The views expressed in our content reflect individual perspectives and do not represent the authoritative views of the Baha'i Faith.
The afternoon was practically windless, a rare thing in southeastern Wyoming. My wife and I sat together on the porch swing in our small front yard, basking in the first real warmth of summer.
Summer always arrives late here, more than 7,200 feet above sea level. I noticed a yellow jacket buzzing around some cracks in the concrete of our front steps, and calmly noted that “If they decide to nest there, it could be a problem.”
We were waiting and watching for her mother’s minivan to round the corner at the end of our block. Riding with her were our two daughters. The younger one, a teen, had gone to stay with her big sister, who lives and works as a nurse in another town toward the middle of the state. She had requested her little sister’s assistance with her baby — our newest granddaughter — because her husband had been called away to work in yet another corner of Wyoming’s immense vastness.
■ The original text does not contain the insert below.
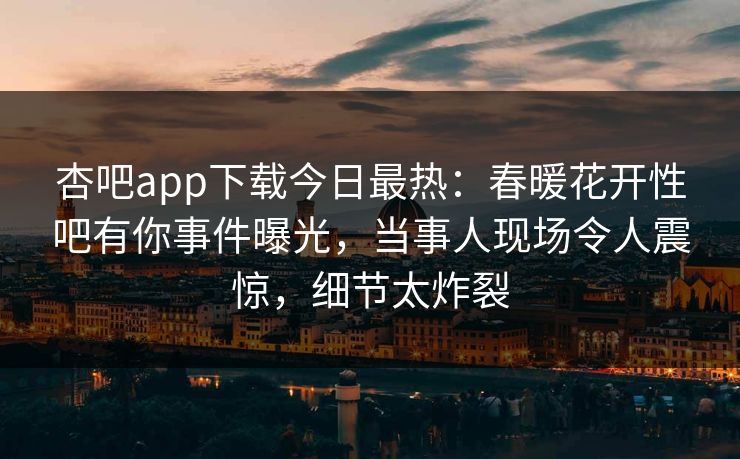 杏吧app下载今日最热：春暖花开性吧有你事件曝光，当事人现场令人震惊，细节太炸裂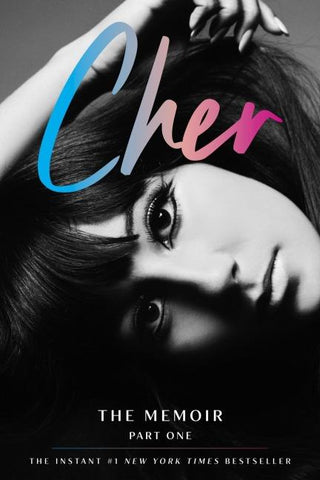Cher: The Memoir, Part One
My muscles were a little sore; earlier that day I’d been in the nearby Snowy Range Mountains — wielding chainsaws I’ve named after my granddaughters with a zeal probably best reserved for younger men — cutting standing dead timber for firewood. I had just finished dropping two large trees that had perished from pine beetle infestations when a sudden, violent storm sent me scrambling back for the low country sooner than I’d planned. But I was safe and none the worse for wear. I was confident nobody else would find those trees before I could get back up to finish with them the next morning. Indeed, I felt deeply content, sitting next to the woman I love and waiting patiently for four of the other most important people in my life. I realized that I felt, as the Baha’i teachings put it, happy and joyous:
“… be ye rejoiced, for ye are sheltered beneath the providence of God. Be happy and joyous because the bestowals of God are intended for you and the life of the Holy Spirit is breathing upon you.”
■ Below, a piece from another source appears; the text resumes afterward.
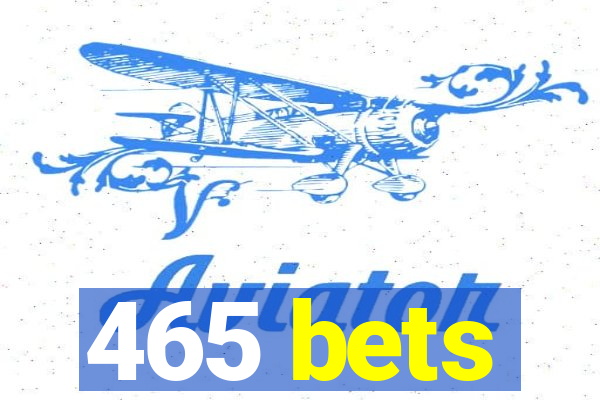 465 bets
Later, toward sunset, I stood up in our living room and announced I was going to bicycle downtown and check out the local demonstration; part of worldwide protests sparked by the death of George Floyd, a Black man, at the hands of police in Minneapolis. To my surprise, my older daughter looked at me and said, “I’ll go.”
The ride didn’t take long. Though a “big city” by Wyoming standards, our community stretches just a few miles from one end to the other, and from our house, we had to traverse about only half that distance. By the time we reached our destination, whatever demonstration had happened was over; downtown was empty and quiet. Disappointed, we turned back home just as it was getting dark. Along the way, we engaged in our first deep, earnest conversation in quite some time. Our lives are so busy and our family so large, it’s rare for us to have time alone together; I was immensely grateful.
Why have I told you these things? Did you notice something?
I did. It’s something I haven’t noticed for most of my life. Until events finally reached a critical mass, it has now made it impossible not to notice.
At no point during the course of that recent day which I remember so fondly did it ever cross my mind that I could be regarded with suspicion, stopped, questioned, treated as if I didn’t “belong” anywhere I had been, or shouldn’t have been doing anything I did — and, quite possibly, much worse. How others might regard me and react to me, simply because of my skin tone, wasn’t something I had to consider, worry over, or plan my movements and possible interactions around. Moreover, I don’t ever have to fearfully sit up or lay awake at night. Throughout the day, I don’t carry an abiding dread over what could very well happen to any of our five children because of that same characteristic.
Because I’m white.
Here’s just one example. The second of my three sons is 25. So is my son-in-law, who I love as one of my own. Another 25-year-old American man, Ahmaud Arbery, while out for a run in Georgia, was chased, boxed in by three men in two pickup trucks, and then murdered.
Because he was Black.
If you’re white and reading this, I do want you to notice that. I want you to fully realize and absorb it. I want you to ponder — long and hard — the following simple, brutal fact:
That’s not just wrong. It’s unjust. It’s unacceptable, atrocious. It’s an affront to humanity, our supposed American ideals of fairness and equality, and to the God Who created us all.
It’s evil.
White people often recoil from terms such as “systemic racism” and “white privilege,” as if we have something to lose. We don’t. For us, there is nothing to lose. There is only something to expand — the circle of compassion, peace, justice, and tranquility. That circle can, no, must expand — until what is now “privilege” for people like me is simply normal. For everyone. That circle must expand, until everyone can have days like the peaceful, contented day I had. Everywhere. Every day.
As Baha’u’llah, the prophet and founder of my chosen religious path, the Baha’i Faith, wrote:
“Lay not on any soul a load which ye would not wish to be laid upon you, and desire not for anyone the things ye would not desire for yourselves. This is My best counsel unto you, did ye but observe it.”
That is what I want. It is what we must, as white people, desire.